Though many of us had never met and affiliations were never mentioned, we were all DFHs, and (by the end of the discussion at least), we all knew it. Some of us worked within the local Democratic Party, some did not. But something else we all knew is that our city and its quality of life is being screwed by a combination of ol’ boy networking and complicity and/or cluelessness and/or non-caring of certain city staff, depending on the individuals involved.

The electricity in that room was something you just can’t get without breathing-the-same-air contact, and it generated projects – actual work to be done, with actual objectives to connote when the work had been successful. In a word: Activism.

The value of that is – well, it’s invaluable.

There are certain things I turn to again and again to keep what my spouse calls my “little activist self” charged up. One is this place, certainly, and I’m eternally grateful to Jane and everyone at FDL for all they do. Another is the first 11 minutes of the George Carlin CD, “What Am I Doing In New Jersey,” perhaps the most succinct methodical, surgical, exacting discussion of What’s Ailing America ever conceived. Yet another is pretty much any song on a collection called “Phil Ochs In Concert.”

But this thing – real contact with peers who give a shit – trumps them all.

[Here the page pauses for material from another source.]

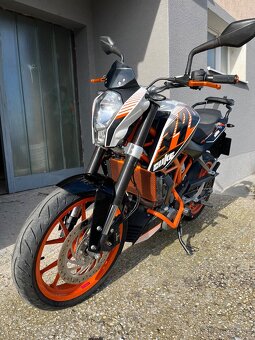 KTM 390 Duke - 2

Hang out on the Internet (or the lunchroom at work, or in front of the TV, or listening to the radio) long enough, and it’s easy to get the notion that because our national political process is as useless as a turd in a swimming pool, so are the efforts we might make to change it. Or that those people who once identified with the Democratic Party because of the stands it once took and have continued to stand by it despite the national organization’s cluelessness are themselves clueless. Neither is the case, and Jane has done a great job of keeping that perspective at times when it has been elusive to me.

We all want the national leadership to get a fucking clue, even as they prove day by day that they are disinclined to do so. But we do a great disservice to our own efforts in building whatever will eventually usurp this useless apparatus if, rather than simply cutting the grass, we burn the grassroots.

Yeah, I’m a malcontent, but I’m not a pessimist; my natural skepticism doesn’t mean I lack faith that things can get better. If you can understand that, consider taking one day each week to get out from behind (or maybe from under!) your keyboard and visit the outside. Figure out what’s making your world – not The World, just yours – tick. Pull it apart and put it back together. Look for people in your neighborhood or city or town or township or county who are doing the same thing. You’ll find them in service organizations, neighborhood associations, on college campuses and countless other places, like – believe it or not – your local Democratic party committee, or down at the municipal building, in one capacity or another.

But know this: There are a bunch of them, many more than you think, and they are just as frustrated as you are.

Making contact with them can change your world.

And that, over time, is how we’ll change The World.